### WORK INSTRUCTIONS
In the material below, find the line containing "Brunswick Georgia Today: Breaking" and the line containing "Morte di un". Output those two lines and all lines between them exactly, without pictures.

### WORKING DATA
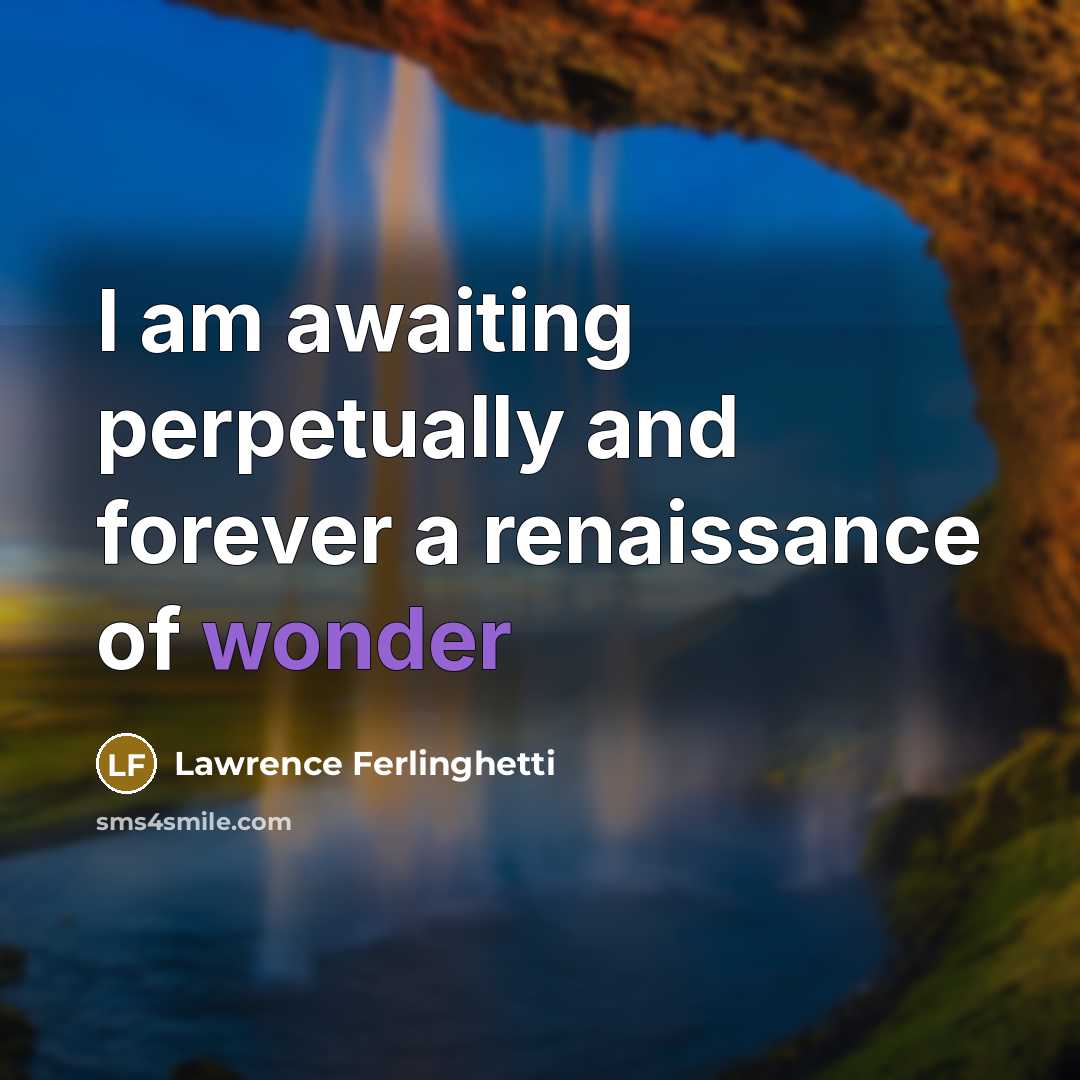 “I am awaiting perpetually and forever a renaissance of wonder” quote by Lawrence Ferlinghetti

==

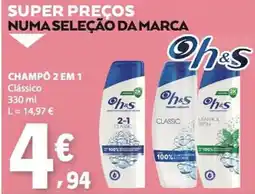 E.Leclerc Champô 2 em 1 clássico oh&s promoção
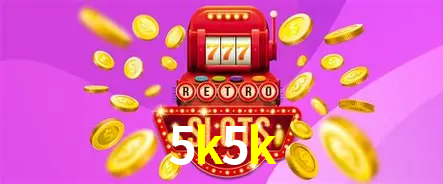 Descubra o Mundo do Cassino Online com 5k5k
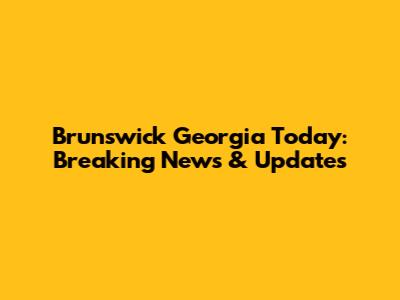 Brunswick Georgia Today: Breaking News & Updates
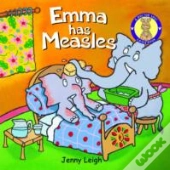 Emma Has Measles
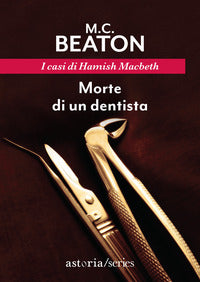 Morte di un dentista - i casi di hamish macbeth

### WORKED SOLUTION
 Brunswick Georgia Today: Breaking News & Updates
 Emma Has Measles
 Morte di un dentista - i casi di hamish macbeth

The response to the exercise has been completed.